Content starts
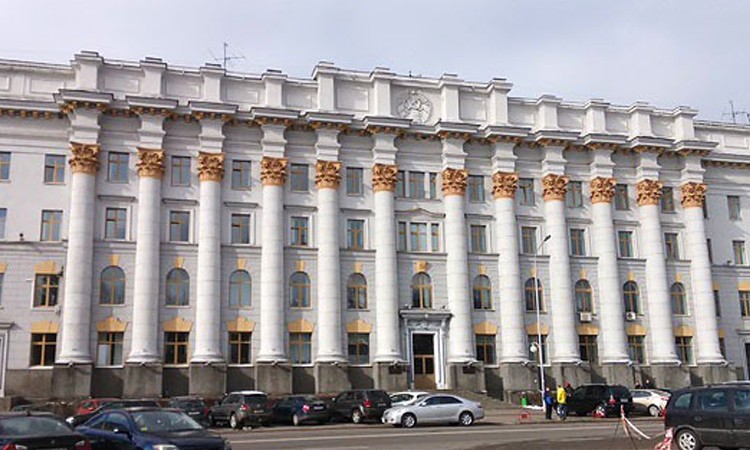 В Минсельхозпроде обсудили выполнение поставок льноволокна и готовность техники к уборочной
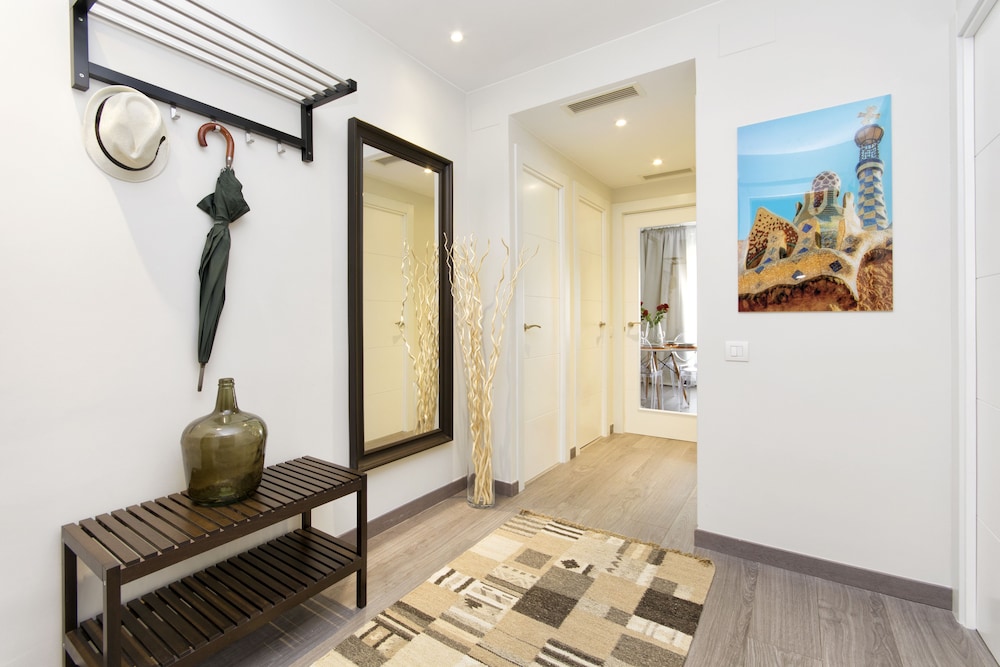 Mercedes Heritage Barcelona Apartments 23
Content ends
Content starts
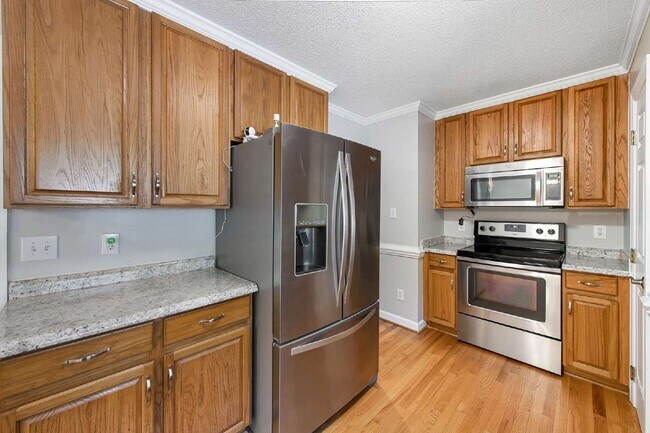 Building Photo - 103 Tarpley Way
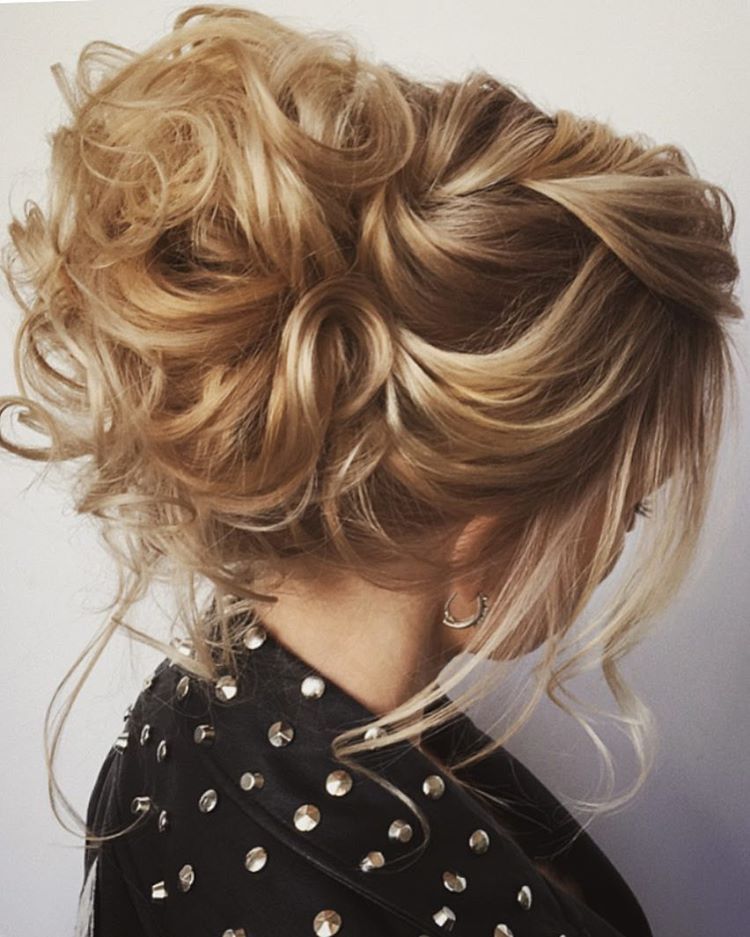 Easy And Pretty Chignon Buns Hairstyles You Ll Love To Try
Content ends
**Exercise details:**
Treat the line with "Building Photo - 103 Tarpley Way" as the start and the line with "Easy And Pretty" as the end, and return exactly that span of the data above, both ends included, without pictures.

**Finished task:**
 Building Photo - 103 Tarpley Way
 Easy And Pretty Chignon Buns Hairstyles You Ll Love To Try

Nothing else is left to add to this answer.